Justamente, el sondeo refiere que un pedido de revocación de autoridades se justifica mas no por actos de corrupción, sino por altos niveles de ineficiencia. “Califican eficiencia por el que construye escaleras, pinta los muros, por acciones inmediatas visibles”, sostuvo Velit.

Bernales señaló que no le sorprenden esos resultados considerando que los sectores populares no son ideologizados o de alto nivel de comprensión de la política. “Una escalera en un cerro les sirve mucho más que la honestidad, la necesidad de planificar las obras y en general, lo que está caracterizando la gestión municipal como la regulación del tránsito en Lima, la construcción de los grandes corredores, obras sobre el río Rímac. Eso lo sienten lejano”, indicó resaltando que el problema es más de carácter sociológico que político.

SECTORES ALTOS RESPALDAN A VILLARÁN
Por otro lado, el estudio de Ipsos Apoyo señala además que el rechazo a la salida de Villarán de la Puente es mayor en el nivel socioeconómico A. Sobre este punto, Velit y Bernales coincidieron también en que los ciudadanos de ese sector están más informados y ecuánimes, y tienen mayor cultura política.

“La encuesta es una fotografía tremenda, dramática, de lo que es la sociología de la ciudad. Los sectores más educados pueden entender más allá de ciertos posicionamientos ideológicos cuál es una situación o proyección de interés con el conjunto de la urbe. Y los sectores más empobrecidos no, porque su vinculación con la noticia es con los titulares, no con las lecturas profundas”, añadió Bernales.

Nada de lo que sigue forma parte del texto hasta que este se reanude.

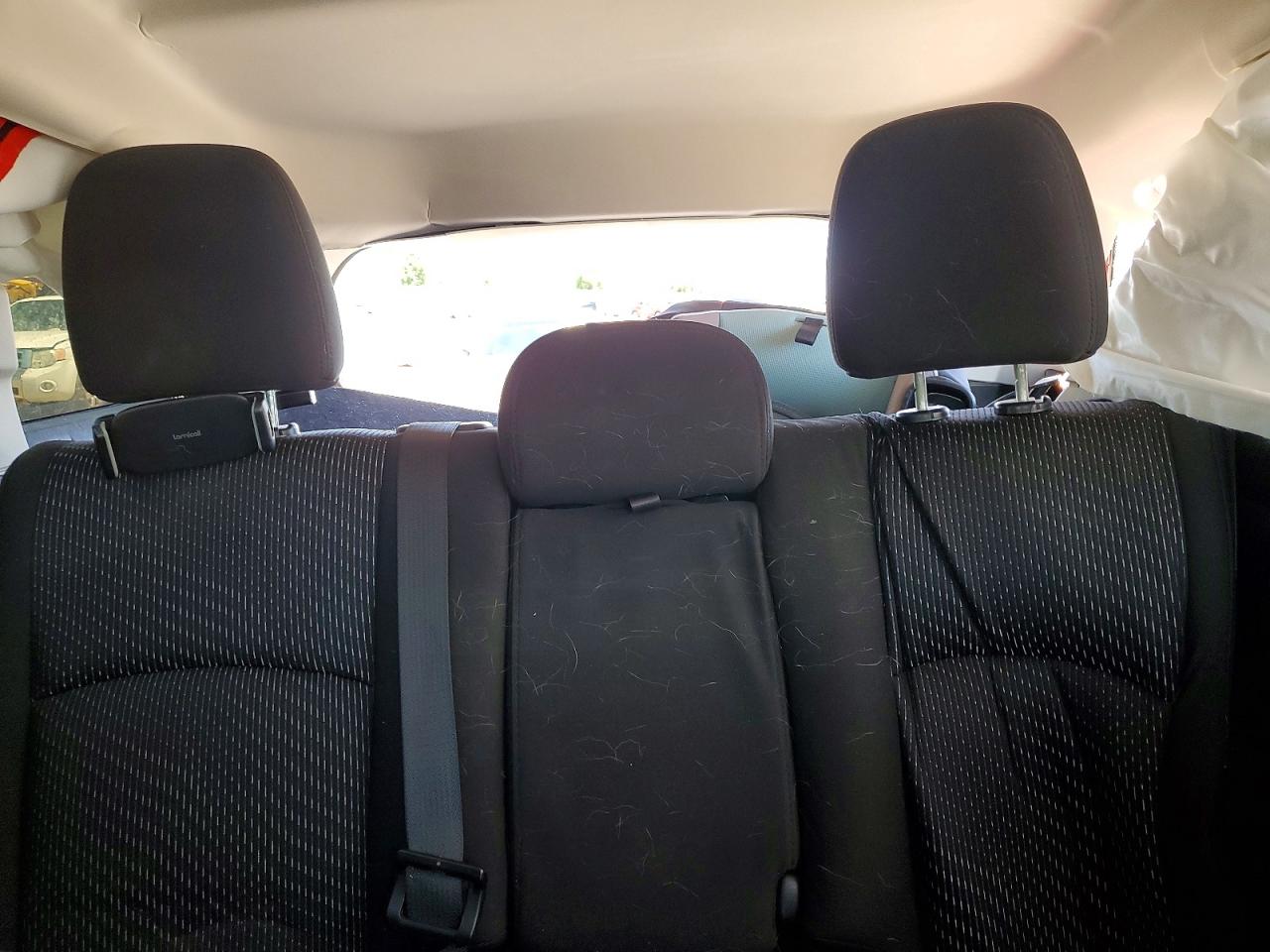 Dodge Journey Se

LIMA Y SU VISIÓN AUTORITARIA
Respecto al ámbito sociológico al que se refirió Bernales, Kogan no descartó que el problema se deba a que se vea a Villarán como una mujer de clase alta. Pero además destacó que esos sectores no sentirían un discurso seguro de parte de la alcaldesa, además de no ver obras tangibles.

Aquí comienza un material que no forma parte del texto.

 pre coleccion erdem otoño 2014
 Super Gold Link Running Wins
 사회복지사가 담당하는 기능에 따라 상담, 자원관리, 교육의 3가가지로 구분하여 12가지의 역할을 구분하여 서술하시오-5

“En general, la sociedad limeña valora una visión un poco autoritaria del discurso. Ella no tiene un discurso autoritario, más bien negociador. Y eso, concretamente, no es bien visto, no es bien recibido. La gente está acostumbrada a un discurso más autoritario, más masculino, más concreto, más de autoridad”, explicó a este medio.

CAMPAÑA NEGATIVA DE REVOCADORES
Del total de los encuestados que respondieron que votarían por revocar a Villarán, la mayoría explica que su decisión se debe a que la autoridad edilicia no ha solucionado el problema de la delincuencia. Este es otro dato que llamó la atención de los analistas.

Para Velit, detrás de esto están los promotores de la revocación, quienes durante la recolección de firmas vendieron la idea de que Villarán es responsable de sectores que no le competen únicamente, como la seguridad ciudadana. En ese sentido, atribuyó esos resultados al desconocimiento.

Relacionando este punto con el del respaldo mayoritario de las mujeres a la revocación, comentó que justamente la población de ese género vive más de cerca la inseguridad y se atemoriza con ese problema. “En las zonas más pobres de la ciudad, la delincuencia es cotidiana”, apuntó por su parte Enrique Bernales.

PUNTOS A MEJORAR
Los analistas coincidieron finalmente en que la alcaldesa Villarán y su gestión tienen un problema de comunicación que deben mejorar, sobre todo en cuanto a su calidad de entidad ejecutora.

A consideración de Bernales, la comunicación tiene que ser “más pedagógica” en mostrar la importancia de las obras que se están haciendo y los beneficios que traerían.

Finalmente, para Velit hay otro problema en el que es necesario fijarse. “El entorno que ella tiene no camina en el ritmo que ella camina. No están integrados en torno a los principios que alienta la política de Susana. Los colaboradores que tiene no son precisamente colaboradores muy eficientes que se identifican con el trabajo que ella hace”, concluyó.